Attaching GDB works with both firmware and apps. For firmware debugging you obviously don’t need to use tkey-runapp.

Note well:

  • You load the raw binary app.bin with tkey-runapp but you feed the ELF format binary app.elf to GDB.

  • Remember to compile your programs with -g in CFLAGS to include debug symbols in the ELF file.

Client applications #

Typically you start a client application by connecting to the TKey:

package main

import (
    "fmt"

	"github.com/tillitis/tkeyclient"
)

func main() {
	tk := tkeyclient.New()
	err := tk.Connect("/dev/ttyACM0")
	if err != nil {
		panic("Couldn't connect to TKey!")
	}

Then you can start using it by asking it to identify itself and make sure it’s in firmware mode:

	nameVer, err := tk.GetNameVersion()
	if err != nil {
		...
	}

	fmt.Printf("Firmware name0:'%s' name1:'%s' version:%d\n",
		nameVer.Name0, nameVer.Name1, nameVer.Version)

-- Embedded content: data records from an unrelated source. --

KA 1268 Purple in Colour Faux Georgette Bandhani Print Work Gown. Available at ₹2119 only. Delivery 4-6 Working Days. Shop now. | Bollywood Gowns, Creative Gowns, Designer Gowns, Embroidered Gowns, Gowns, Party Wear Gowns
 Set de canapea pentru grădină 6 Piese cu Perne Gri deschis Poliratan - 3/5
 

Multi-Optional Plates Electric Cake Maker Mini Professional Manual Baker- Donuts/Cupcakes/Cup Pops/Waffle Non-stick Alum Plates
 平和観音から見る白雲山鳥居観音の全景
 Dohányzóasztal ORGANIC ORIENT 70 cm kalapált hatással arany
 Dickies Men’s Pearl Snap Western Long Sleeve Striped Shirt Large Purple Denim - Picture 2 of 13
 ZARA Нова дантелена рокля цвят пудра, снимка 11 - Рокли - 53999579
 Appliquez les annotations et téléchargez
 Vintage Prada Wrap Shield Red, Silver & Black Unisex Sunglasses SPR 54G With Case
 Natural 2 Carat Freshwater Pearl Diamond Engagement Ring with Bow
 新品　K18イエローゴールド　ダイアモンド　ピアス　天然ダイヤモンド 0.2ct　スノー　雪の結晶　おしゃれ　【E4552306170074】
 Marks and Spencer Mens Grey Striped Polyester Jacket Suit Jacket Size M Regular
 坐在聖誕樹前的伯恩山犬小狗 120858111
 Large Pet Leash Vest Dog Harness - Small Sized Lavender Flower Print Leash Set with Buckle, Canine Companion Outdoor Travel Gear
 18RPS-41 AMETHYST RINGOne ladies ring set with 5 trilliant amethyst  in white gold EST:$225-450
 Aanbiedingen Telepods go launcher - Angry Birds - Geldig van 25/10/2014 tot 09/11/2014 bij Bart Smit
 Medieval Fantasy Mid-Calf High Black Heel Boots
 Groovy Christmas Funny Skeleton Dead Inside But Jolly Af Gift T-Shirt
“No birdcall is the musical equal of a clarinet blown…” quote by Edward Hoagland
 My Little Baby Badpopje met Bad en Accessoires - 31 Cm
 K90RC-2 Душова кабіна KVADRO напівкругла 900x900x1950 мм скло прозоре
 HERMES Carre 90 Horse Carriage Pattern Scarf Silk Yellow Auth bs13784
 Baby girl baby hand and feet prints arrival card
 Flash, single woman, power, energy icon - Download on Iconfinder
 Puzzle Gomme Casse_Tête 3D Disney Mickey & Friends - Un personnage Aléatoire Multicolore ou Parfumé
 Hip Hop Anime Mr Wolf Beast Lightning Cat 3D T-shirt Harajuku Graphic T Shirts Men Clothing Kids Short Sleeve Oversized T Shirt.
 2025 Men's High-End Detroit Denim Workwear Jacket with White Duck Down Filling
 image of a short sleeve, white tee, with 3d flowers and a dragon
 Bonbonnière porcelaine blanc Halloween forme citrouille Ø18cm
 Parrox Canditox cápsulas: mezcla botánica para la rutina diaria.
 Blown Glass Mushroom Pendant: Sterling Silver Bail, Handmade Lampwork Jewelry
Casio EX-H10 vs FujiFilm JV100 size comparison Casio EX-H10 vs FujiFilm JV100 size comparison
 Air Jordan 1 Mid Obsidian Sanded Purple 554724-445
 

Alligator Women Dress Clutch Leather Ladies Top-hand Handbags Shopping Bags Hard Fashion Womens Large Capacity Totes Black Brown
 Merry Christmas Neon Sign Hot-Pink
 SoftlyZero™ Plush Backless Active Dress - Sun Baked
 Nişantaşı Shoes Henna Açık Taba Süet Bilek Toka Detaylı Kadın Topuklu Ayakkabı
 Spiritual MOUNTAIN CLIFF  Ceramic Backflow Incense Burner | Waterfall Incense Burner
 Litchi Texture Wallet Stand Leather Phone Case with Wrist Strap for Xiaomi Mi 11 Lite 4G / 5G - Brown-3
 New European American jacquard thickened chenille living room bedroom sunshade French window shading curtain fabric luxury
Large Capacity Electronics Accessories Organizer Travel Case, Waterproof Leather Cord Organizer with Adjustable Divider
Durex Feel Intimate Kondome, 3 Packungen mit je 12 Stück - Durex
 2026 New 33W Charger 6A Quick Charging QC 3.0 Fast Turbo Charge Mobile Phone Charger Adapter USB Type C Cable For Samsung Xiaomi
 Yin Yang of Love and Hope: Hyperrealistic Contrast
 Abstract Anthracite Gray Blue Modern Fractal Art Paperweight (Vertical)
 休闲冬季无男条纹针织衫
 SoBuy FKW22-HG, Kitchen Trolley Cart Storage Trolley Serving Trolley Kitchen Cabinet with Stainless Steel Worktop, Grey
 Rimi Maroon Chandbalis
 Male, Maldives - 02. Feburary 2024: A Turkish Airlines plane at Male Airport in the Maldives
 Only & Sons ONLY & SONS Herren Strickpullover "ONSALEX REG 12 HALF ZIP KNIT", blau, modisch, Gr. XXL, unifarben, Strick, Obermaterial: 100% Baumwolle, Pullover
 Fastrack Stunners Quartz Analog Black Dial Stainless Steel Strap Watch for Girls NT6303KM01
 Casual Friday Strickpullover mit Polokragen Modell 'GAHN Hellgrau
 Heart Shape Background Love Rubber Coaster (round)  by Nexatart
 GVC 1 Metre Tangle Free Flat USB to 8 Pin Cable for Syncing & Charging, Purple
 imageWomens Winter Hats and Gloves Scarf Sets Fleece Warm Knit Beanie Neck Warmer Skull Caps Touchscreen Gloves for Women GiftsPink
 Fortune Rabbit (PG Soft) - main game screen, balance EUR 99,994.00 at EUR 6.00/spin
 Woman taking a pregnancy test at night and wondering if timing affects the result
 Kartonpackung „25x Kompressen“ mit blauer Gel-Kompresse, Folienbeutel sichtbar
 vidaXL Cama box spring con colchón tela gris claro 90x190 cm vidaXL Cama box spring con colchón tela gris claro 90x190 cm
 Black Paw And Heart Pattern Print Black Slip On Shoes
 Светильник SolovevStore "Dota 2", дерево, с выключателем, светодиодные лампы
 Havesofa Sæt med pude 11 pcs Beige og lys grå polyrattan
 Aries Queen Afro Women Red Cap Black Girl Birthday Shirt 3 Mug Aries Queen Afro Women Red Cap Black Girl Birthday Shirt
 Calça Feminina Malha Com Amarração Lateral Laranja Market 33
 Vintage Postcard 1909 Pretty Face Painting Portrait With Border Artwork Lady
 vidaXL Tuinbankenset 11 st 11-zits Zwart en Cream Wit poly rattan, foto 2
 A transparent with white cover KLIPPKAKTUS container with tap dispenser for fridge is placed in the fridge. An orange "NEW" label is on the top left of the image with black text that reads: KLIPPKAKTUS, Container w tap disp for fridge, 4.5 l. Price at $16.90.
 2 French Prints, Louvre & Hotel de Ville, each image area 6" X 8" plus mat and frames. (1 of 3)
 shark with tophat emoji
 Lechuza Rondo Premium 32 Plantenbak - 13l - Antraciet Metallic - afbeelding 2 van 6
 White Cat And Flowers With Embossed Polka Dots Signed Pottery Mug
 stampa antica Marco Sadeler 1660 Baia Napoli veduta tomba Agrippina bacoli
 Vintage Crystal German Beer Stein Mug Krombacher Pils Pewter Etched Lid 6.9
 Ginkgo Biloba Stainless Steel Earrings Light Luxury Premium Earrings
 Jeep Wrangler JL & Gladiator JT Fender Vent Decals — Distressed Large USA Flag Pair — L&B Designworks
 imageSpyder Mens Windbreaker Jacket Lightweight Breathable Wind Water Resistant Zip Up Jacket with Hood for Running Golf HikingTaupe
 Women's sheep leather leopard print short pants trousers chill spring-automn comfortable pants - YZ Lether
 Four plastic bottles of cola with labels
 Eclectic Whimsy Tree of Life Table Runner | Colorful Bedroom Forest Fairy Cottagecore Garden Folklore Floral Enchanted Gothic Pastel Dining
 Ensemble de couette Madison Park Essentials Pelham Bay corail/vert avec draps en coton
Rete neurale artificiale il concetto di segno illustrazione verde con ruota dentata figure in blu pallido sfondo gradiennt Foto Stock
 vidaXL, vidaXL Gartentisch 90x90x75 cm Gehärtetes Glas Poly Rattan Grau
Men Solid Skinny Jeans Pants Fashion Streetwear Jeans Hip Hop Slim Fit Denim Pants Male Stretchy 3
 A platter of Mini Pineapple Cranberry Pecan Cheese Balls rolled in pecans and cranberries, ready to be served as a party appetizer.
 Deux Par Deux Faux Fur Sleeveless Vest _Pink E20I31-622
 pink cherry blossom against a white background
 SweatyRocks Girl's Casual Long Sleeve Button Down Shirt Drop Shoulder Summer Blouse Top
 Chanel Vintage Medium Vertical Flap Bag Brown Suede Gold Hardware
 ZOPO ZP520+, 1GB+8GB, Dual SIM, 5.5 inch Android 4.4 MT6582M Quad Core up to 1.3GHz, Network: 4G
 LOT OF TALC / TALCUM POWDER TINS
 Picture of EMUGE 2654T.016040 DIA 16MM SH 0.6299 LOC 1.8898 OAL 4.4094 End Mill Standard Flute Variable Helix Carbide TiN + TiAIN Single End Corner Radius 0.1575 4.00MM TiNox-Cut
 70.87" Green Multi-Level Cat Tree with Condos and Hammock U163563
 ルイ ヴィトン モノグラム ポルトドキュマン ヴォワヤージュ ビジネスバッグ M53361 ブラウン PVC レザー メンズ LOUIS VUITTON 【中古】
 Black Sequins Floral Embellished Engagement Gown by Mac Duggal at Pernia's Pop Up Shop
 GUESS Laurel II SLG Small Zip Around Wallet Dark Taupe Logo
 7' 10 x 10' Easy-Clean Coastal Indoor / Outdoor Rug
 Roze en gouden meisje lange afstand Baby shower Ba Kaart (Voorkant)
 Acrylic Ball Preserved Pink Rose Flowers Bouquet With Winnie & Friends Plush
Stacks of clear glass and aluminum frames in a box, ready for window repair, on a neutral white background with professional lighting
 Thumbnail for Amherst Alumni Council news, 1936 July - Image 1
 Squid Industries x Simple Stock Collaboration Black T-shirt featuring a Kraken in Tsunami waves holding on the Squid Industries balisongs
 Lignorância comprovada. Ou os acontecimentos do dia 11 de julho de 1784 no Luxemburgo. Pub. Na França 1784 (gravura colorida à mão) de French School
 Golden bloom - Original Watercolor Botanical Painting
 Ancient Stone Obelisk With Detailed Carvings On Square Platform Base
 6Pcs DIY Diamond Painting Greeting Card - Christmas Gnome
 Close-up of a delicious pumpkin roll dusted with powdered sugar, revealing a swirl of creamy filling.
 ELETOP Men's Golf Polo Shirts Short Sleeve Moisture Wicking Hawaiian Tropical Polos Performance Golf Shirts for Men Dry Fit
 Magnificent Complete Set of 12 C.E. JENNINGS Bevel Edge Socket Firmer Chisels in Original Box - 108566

Then you can load and start an app on the TKey:

	err = tk.LoadAppFromFile("blink.bin", []byte{})
	if err != nil {
		panic(err)
	}

After this, the client program and the device program talk their own protocol. You are encouraged to use the same framing protocol used for the firmware while still replying negatively to a frame meant for the firmware.

See the tkeyclient Go doc for details on how to call the functions.